Son frère souleva les paupières et se redressa, le regard désespéré, les bras devant lui dans un geste d'attaque.

— Tu es à l'abri chez les Imlayas, le rassura-t-elle d'une voix douce.

Comme s'il mettait sa parole en doute, il scruta la pièce : une simple chambre dans une des maisons du village. Même s'il n'était jamais venu, elle lui en avait tant parlé, qu'il dût la reconnaître, car il retrouva une attitude sereine.

— Vous êtes parvenus à me téléporter ! D'où le voile blanc que j'ai vu quand je me suis évanoui, j'étais trop fatigué pour le comprendre. Raconte-moi comment vous avez réussi sur une telle distance et en présence des brouilleurs de ces monstres.

— Le temps pressait, je ne pouvais pas te prévenir. Tu as oublié l'habitation dans Auralia que nous avons achetée. Au moment où je t'ai contacté, nous étions au village et espérions que tu te cacherais. Il nous a fallu d'abord installer un Cercle complet dans le logement, le laisser reprendre des forces. Plus qu'à l'habitude, d'ailleurs. Ensuite, une fois qu'on t'a ramené avec nos parents, nous avons encore patienté avant de revenir ici et vous avons soigné. Tu as mentionné des brouilleurs, qu'est-ce ?

— Ils bloquent nos pouvoirs psychiques, l'éclaira-t-il, d'un ton dans lequel perçait l'amertume. Ceci explique pourquoi les kiriahnis ont dépensé autant d'énergie. Xénon, le chef, a poussé le vice jusque dans la symbolique. Ils ont la forme de nos sphères, incrustée de flammes jaune et rouge, couleurs de ces Astrydiens, dévorant le bleu de notre peau ! Le palais est tombé entre leurs mains et d'ici peu, ils auront investi la planète.

En quelques mots, il rapporta le but de l'envahisseur, lui relata tout ce qui s'était passé. À ses yeux tristes, Flore se douta qu'il lui dissimulait ses pensées sur la fin du duel. Sa réaction au moment de son réveil lui suffisait.

Il a dû se voir mourir et se l'imaginer lorsqu'on l'a téléporté, supposa-t-elle, frissonnante.

— Il gardera notre peuple en vie, enchaîna-t-elle pour ne pas s'appesantir sur cette idée morbide. Nous établirons une résistance à l'abri de l'ennemi.

— Je me demande si au lieu d'avoir enrayé la vision, nous ne l'avons pas provoqué, murmura son frère.

Cette réflexion lui donna un coup dans le ventre : elle aussi y avait songé dès qu'Ixli l'avait alerté. Si Sojeyn, par exemple, n'avait pas reçu son diadème avec un an d'avance, ils auraient eu le temps de monter une défense digne de ce nom. Peut-être... ou pas.

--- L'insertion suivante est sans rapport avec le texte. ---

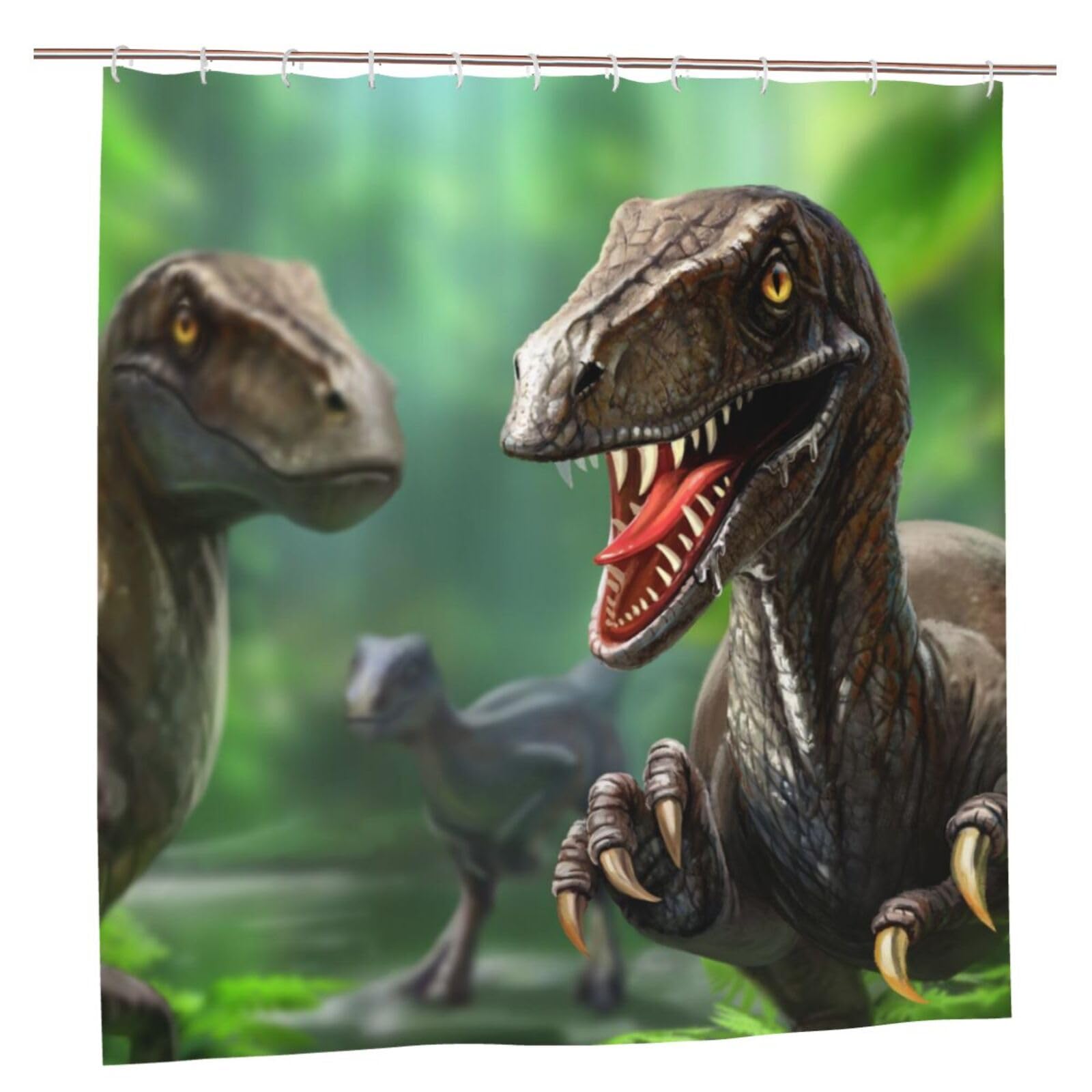 Oudrspo Dinosaurs Nature Unique Designer Artwork Shower Curtain 72x72 Inch - Polyester Bathroom Decor with Metal Grommets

— Nous ne le saurons jamais, et il nous faudra avancer avec cela, soupira-t-elle.

— Pourquoi a-t-elle disparu quand même ? insista l'adolescent.

— Tu l'avais dit lors du ralliement des Imlayas à notre cause : nous étions sur le bon chemin. Hélas, le changement d'avis de notre père a ravivé cet avenir. Inutile de nous torturer, ce qui est fait est fait !

— Au moins, nos parents et moi sommes sauvés, ta prémonition nous a servi sur ce point.

Le cœur de la princesse se contracta. Son silence qui persistait amena un regard intrigué de son frère sur elle, puis il secoua la tête, ses prunelles virant au mauve soutenu. Il avait compris, mais espérait un démenti.

La boule dans sa gorge grossit à chaque mot qu'elle souffla :

— Pour te soigner, nous t'avons gardé dans l'Entre-Deux monde pendant trois jours. Tu es guéri, car tu étais moins blessé qu'eux. Ces monstres empoisonnent leurs électases, celle que tu as ramenée nous l'a confirmé. Notre mère gît déjà aux portes du monde des Morts, inaccessible, et père a accepté les potions juste le temps que tu récupères. Viens.


Quand elle gagna la salle du Conseil, Flore s'installa avec Sojeyn auprès de leurs parents sur un des deux lits côte à côte. Les Imlayas et les kiriahnis, réconciliés, les entouraient ; Ixli se tenant entre Courm et Natti au pied de la couche. Les larmes coulaient sur les visages, les cheveux brillaient de mille reflets sombres, que personne ne cherchait à dissimuler. La pudeur avait disparu.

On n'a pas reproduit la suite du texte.